[Work to be completed]
Repeat, word for word, every line from the line holding "Stupell Industries In" through the final line of the entries below. Skip all pictures.

START Data

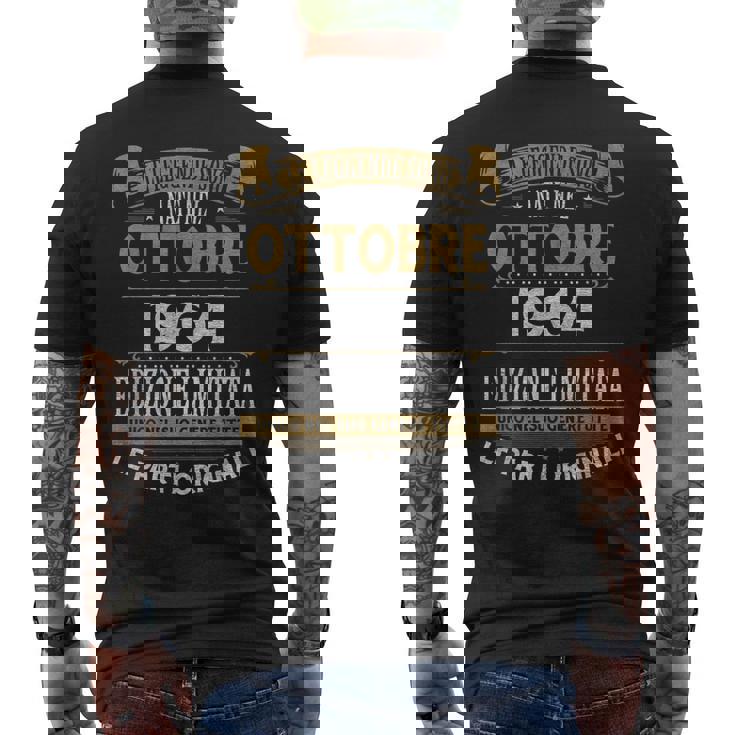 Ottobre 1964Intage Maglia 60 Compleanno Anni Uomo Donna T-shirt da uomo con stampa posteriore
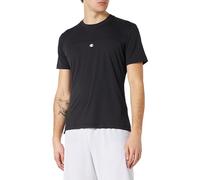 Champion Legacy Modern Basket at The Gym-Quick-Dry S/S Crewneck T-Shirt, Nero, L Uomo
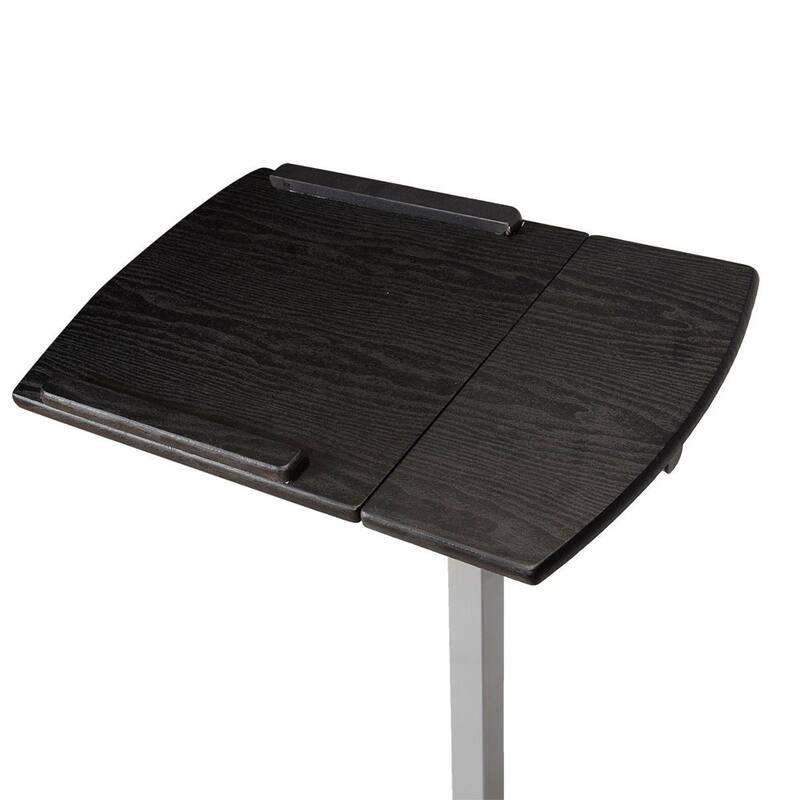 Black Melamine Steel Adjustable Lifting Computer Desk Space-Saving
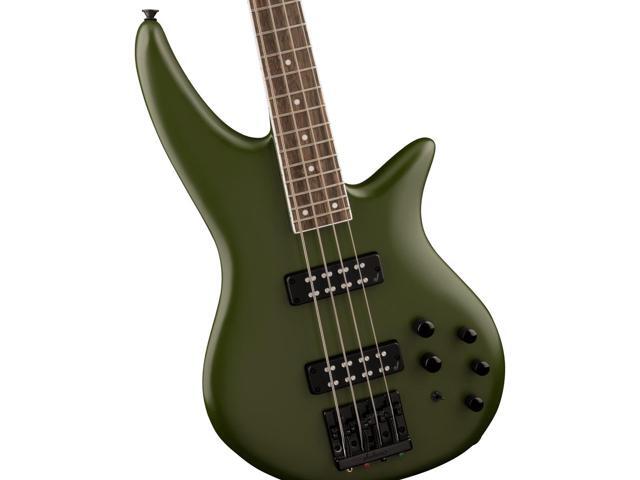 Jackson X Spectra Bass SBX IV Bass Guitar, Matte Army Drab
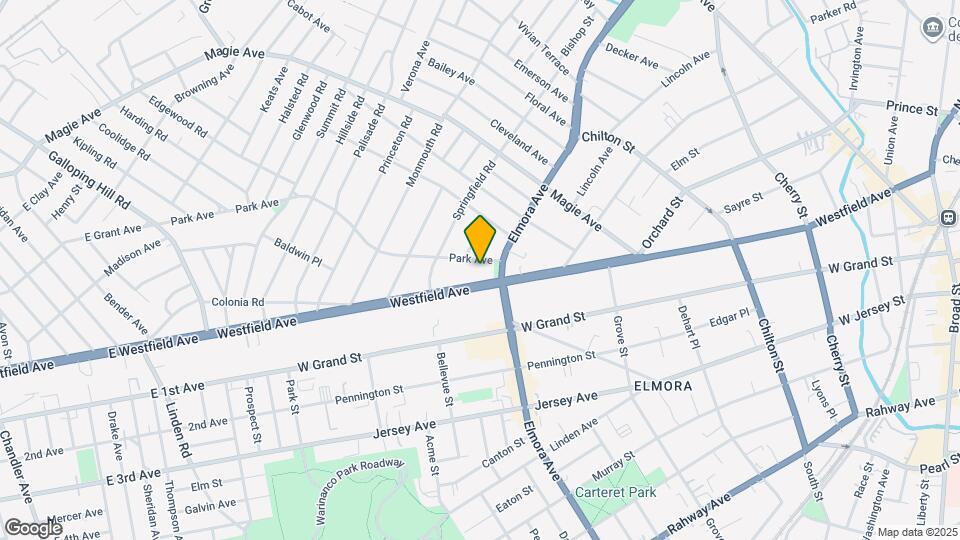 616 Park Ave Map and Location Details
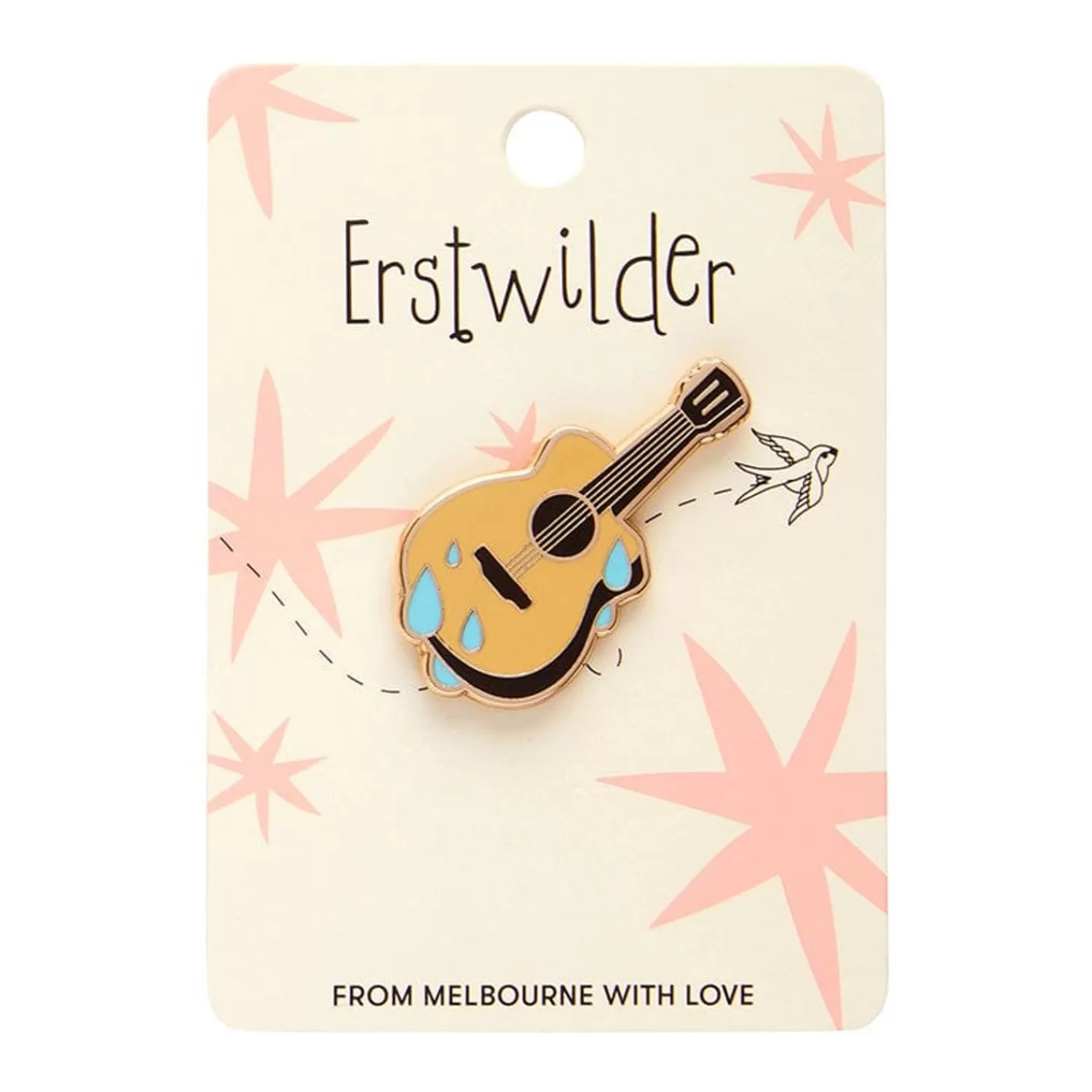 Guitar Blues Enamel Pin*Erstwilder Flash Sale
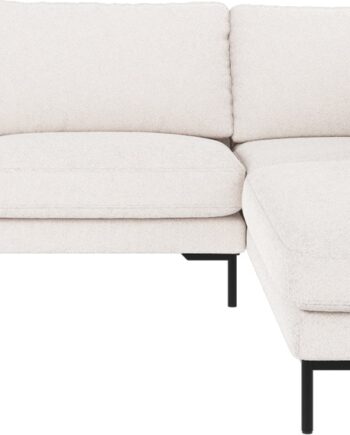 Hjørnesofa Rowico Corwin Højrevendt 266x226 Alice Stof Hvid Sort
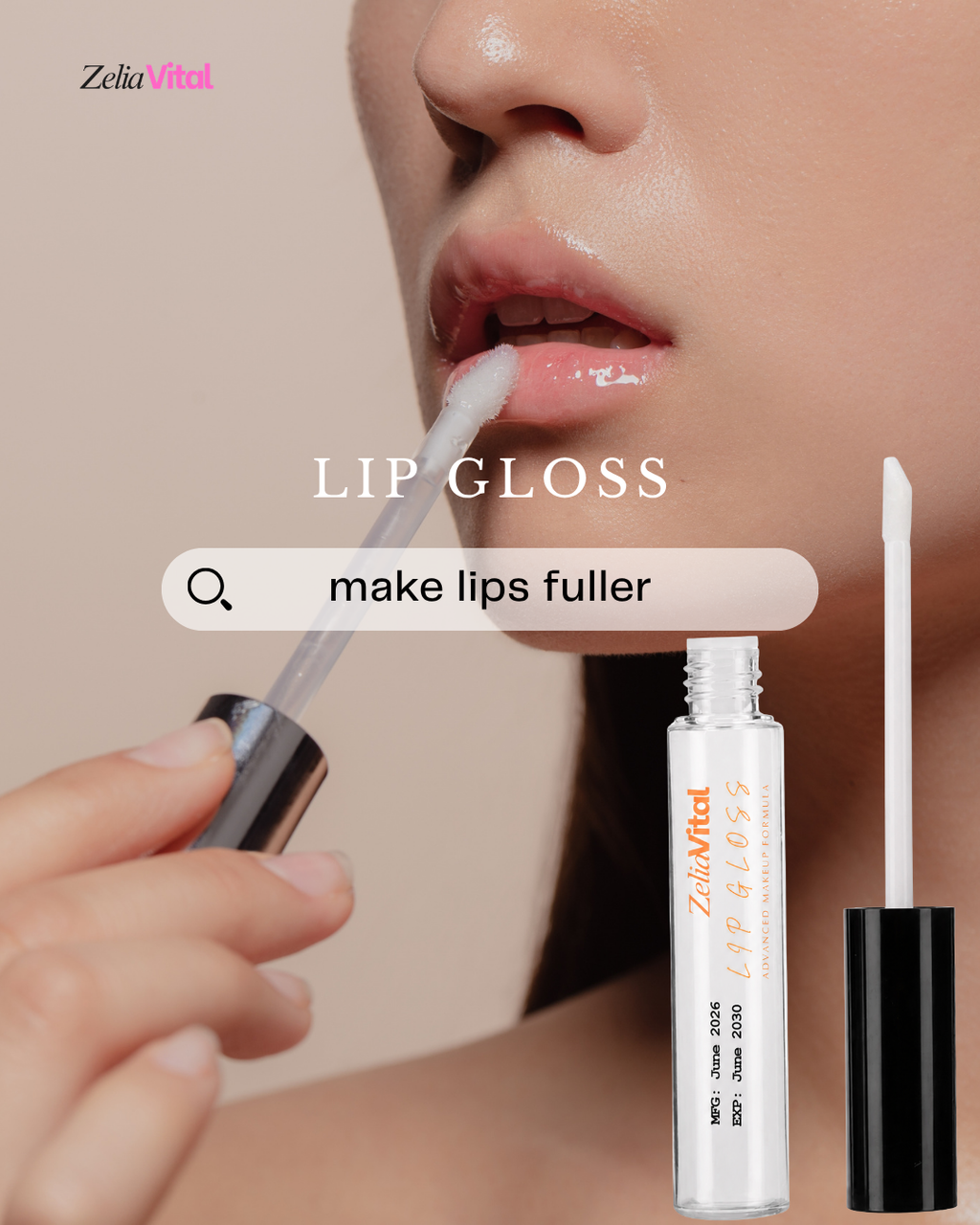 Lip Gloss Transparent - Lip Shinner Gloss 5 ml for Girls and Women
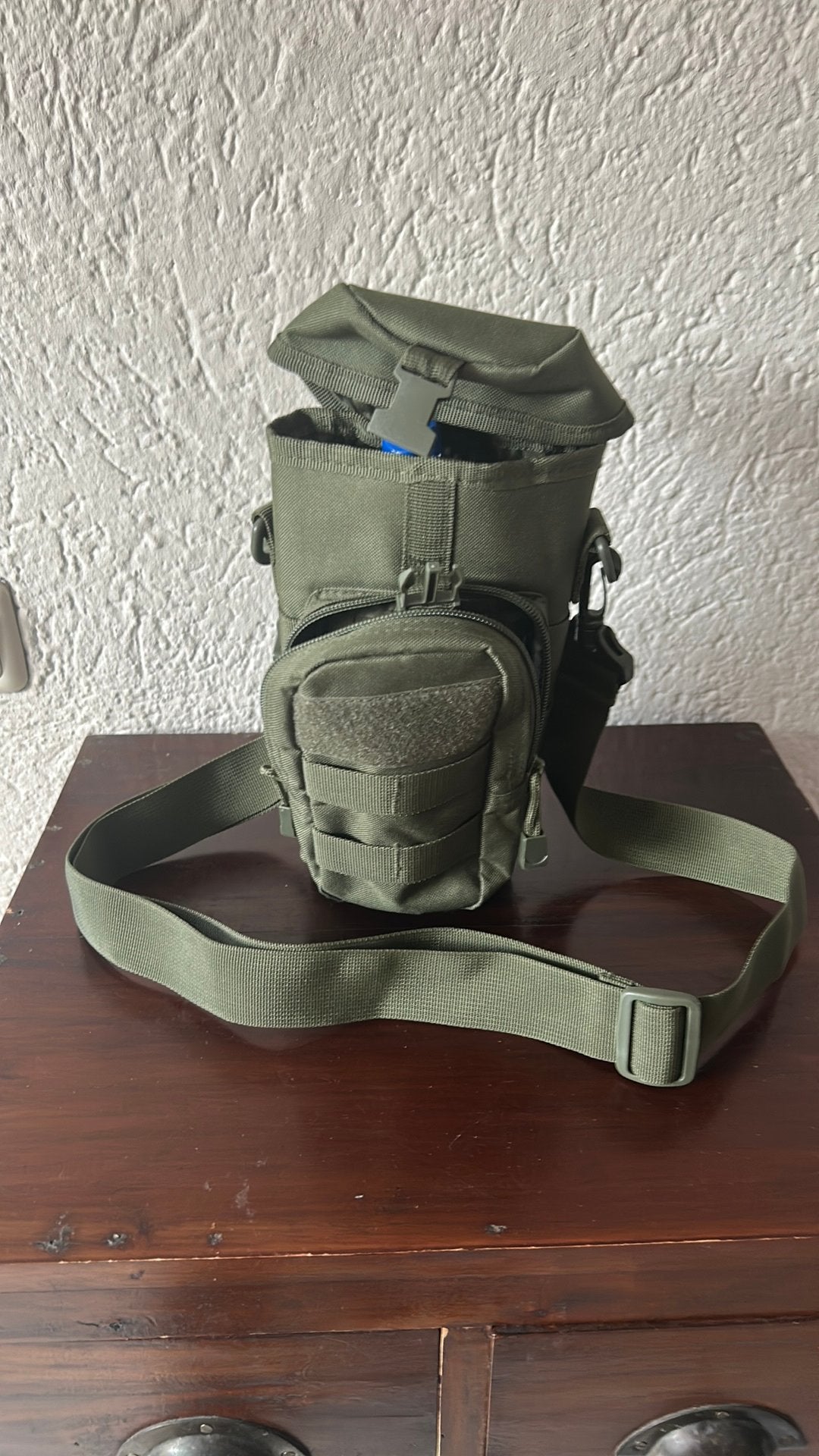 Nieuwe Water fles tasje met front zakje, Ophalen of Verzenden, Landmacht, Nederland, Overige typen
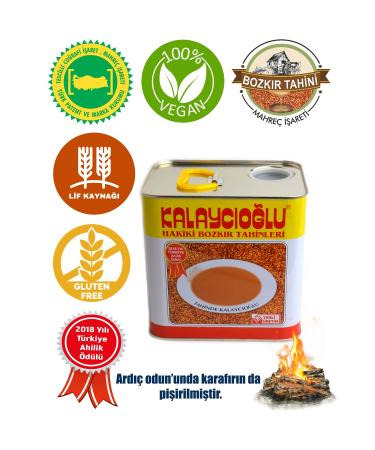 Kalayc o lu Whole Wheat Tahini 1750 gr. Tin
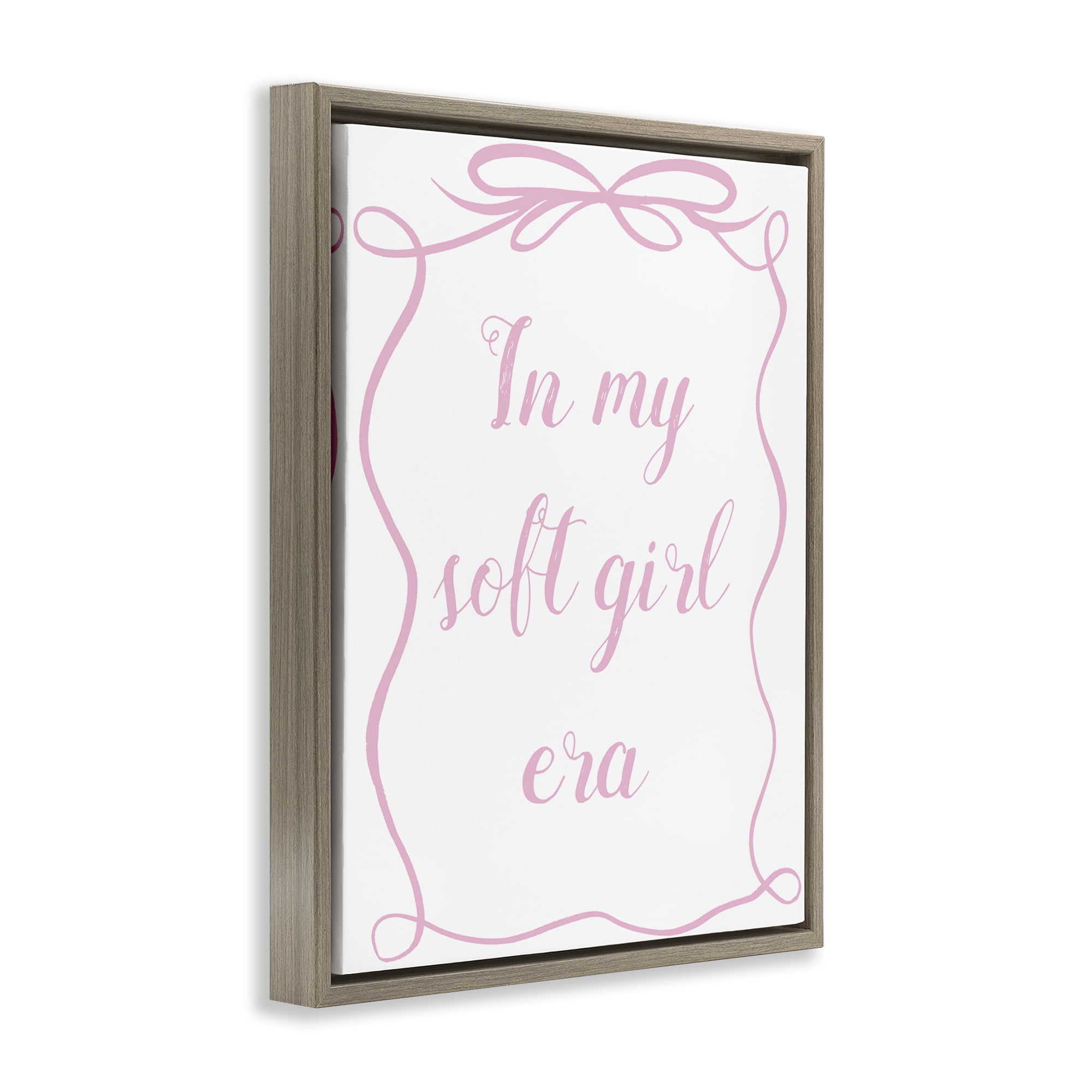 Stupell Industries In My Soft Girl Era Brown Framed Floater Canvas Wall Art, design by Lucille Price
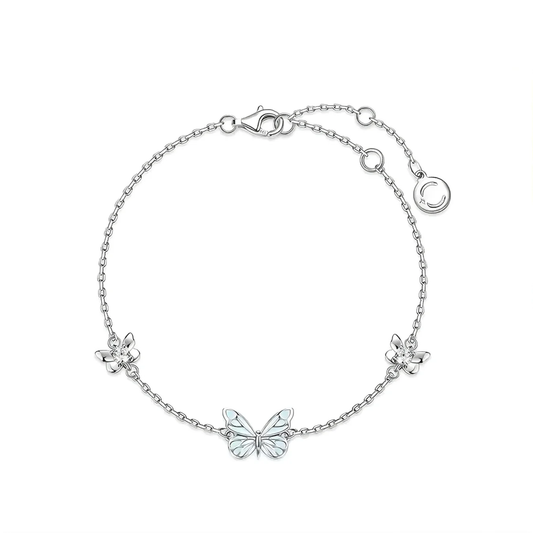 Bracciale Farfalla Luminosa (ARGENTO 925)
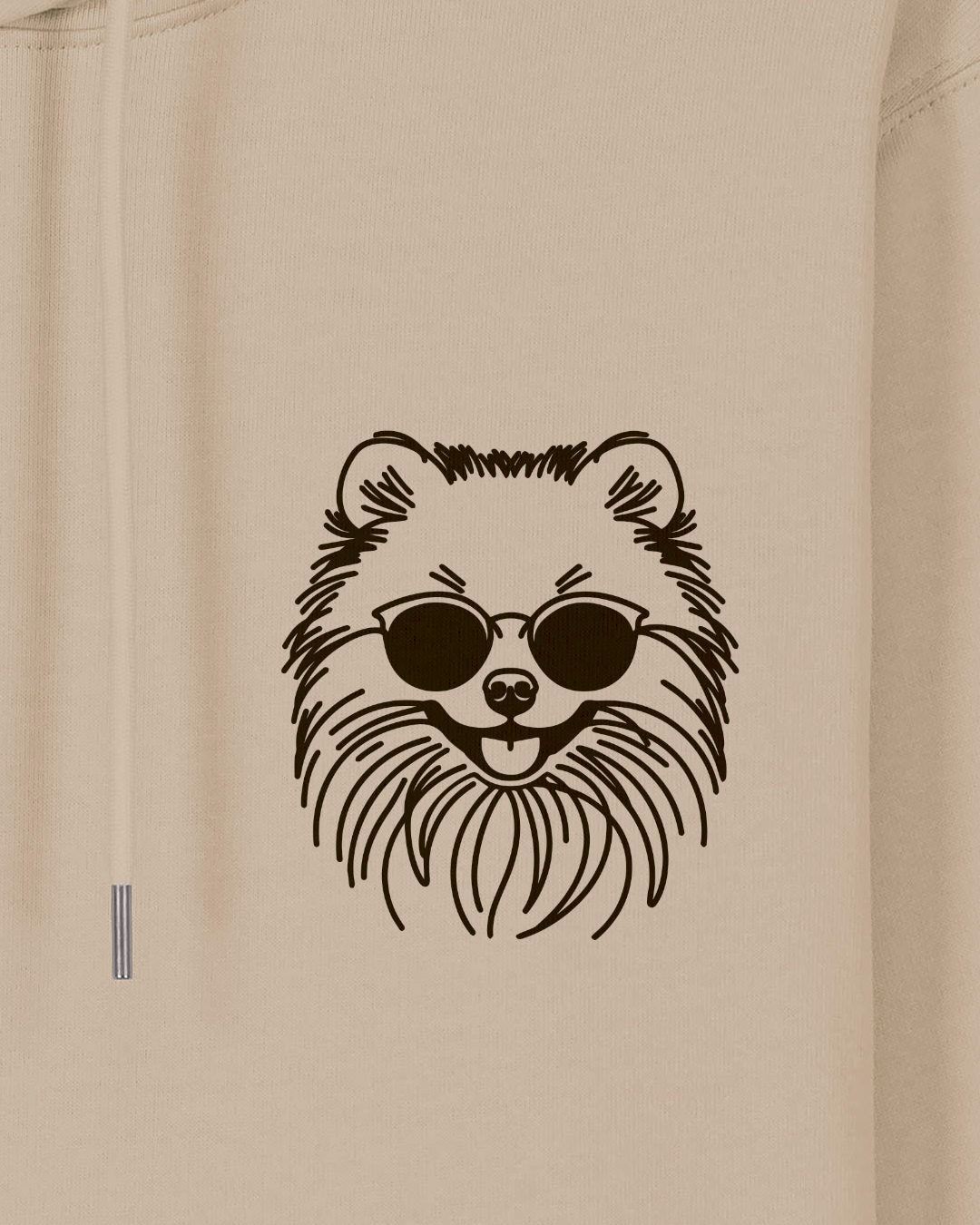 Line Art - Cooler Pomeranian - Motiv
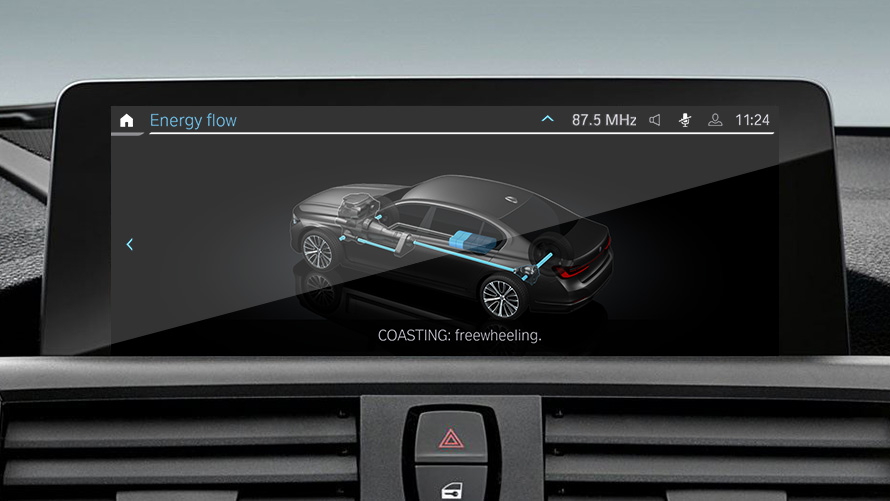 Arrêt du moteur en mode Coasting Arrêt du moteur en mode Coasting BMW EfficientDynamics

END Data

[Solution to this problem]
 Stupell Industries In My Soft Girl Era Brown Framed Floater Canvas Wall Art, design by Lucille Price
 Bracciale Farfalla Luminosa (ARGENTO 925)
 Line Art - Cooler Pomeranian - Motiv
 Arrêt du moteur en mode Coasting Arrêt du moteur en mode Coasting BMW EfficientDynamics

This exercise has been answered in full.